Maja: The Fruit that Inspired the Name of the Majapahit Empire

Maja: The Fruit that Inspired the Name of the Majapahit Empire
Maja and Majapahit's Hayam Wuruk | Edited by seasia design

 Are you familiar with the story behind the name of the ancient Majapahit Empire? This tale is deeply intertwined with the Maja, which is known as Indian Bael (Aegle marmelos). 

The Majapahit Empire, which existed from approximately 1293 to 1500 AD, was the final Hindu-Buddhist Empire in the archipelago. With its epicenter in East Java, the Majapahit Empire was one of the most extensive Empires in Indonesian history, with its reach spanning nearly the whole of the archipelago. Founded by Raden Wijaya, who was the son-in-law of the final ruler of the Singasari Empire, the Majapahit Empire experienced its golden era under the leadership of Hayam Wuruk, who reigned from 1350 to 1389 AD.

The inception of the Majapahit Empire is rooted in the collapse of the Singasari Empire following an attack by Jayakatwang. Raden Wijaya, having abandoned Singasari, sought the assistance of Arya Wiraraja, the Regent of Madura. Following Wiraraja's counsel, Raden Wijaya pledged fealty to Jayakatwang and was consequently granted a region to develop into a village.

This region, known as the Tarik Forest, was reputedly abundant with Maja (wilwa) that bore a bitter taste (tikta) when eaten. Consequently, this place was christened "Majapahit." After triumphing over Jayakatwang, Raden Wijaya adopted Majapahit as the name of his Empire.

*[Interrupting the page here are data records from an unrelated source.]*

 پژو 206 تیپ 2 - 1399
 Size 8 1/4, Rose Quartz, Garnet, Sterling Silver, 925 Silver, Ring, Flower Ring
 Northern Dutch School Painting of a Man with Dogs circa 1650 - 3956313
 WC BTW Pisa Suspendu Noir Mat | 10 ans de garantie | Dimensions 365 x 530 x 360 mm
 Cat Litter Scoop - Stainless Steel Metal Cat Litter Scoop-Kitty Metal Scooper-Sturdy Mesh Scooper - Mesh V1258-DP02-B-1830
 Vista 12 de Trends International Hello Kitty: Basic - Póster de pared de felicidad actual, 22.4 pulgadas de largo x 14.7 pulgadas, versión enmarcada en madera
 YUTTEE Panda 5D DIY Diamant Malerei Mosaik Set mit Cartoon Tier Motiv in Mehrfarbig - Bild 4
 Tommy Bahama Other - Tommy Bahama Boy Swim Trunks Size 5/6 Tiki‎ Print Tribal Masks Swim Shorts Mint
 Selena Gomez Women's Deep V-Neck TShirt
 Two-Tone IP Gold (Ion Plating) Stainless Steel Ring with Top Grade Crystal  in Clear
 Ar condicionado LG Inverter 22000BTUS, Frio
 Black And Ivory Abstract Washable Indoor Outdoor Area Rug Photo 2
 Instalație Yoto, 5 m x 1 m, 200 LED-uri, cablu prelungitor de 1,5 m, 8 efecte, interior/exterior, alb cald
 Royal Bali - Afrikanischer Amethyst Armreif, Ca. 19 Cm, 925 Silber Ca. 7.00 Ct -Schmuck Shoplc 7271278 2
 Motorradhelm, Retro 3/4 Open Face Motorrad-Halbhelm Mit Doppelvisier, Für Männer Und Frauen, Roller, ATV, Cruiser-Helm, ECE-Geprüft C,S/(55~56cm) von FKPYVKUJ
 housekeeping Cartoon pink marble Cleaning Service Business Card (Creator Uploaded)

The Maja fruit henceforth became a symbol of this influential Empire, at least in the eyes of the Indonesian people. However, the story of the Maja fruit extends beyond its connection to the Majapahit Empire.

Standing 10-15 meters tall, the Maja tree has opposite leaves and typically sprouts three leaves at a time. This resilient plant thrives in extreme climates, with the ability to endure temperatures as hot as 49 degrees Celsius and as cold as -7 degrees Celsius.

Contrary to its reputation as a bitter fruit that gave the Majapahit Empire its name, some varieties of the Maja fruit are sweet. The Maja fruit can be eaten fresh, turned into syrup, or even processed into a medicinal remedy for digestive ailments, such as diarrhea and constipation. 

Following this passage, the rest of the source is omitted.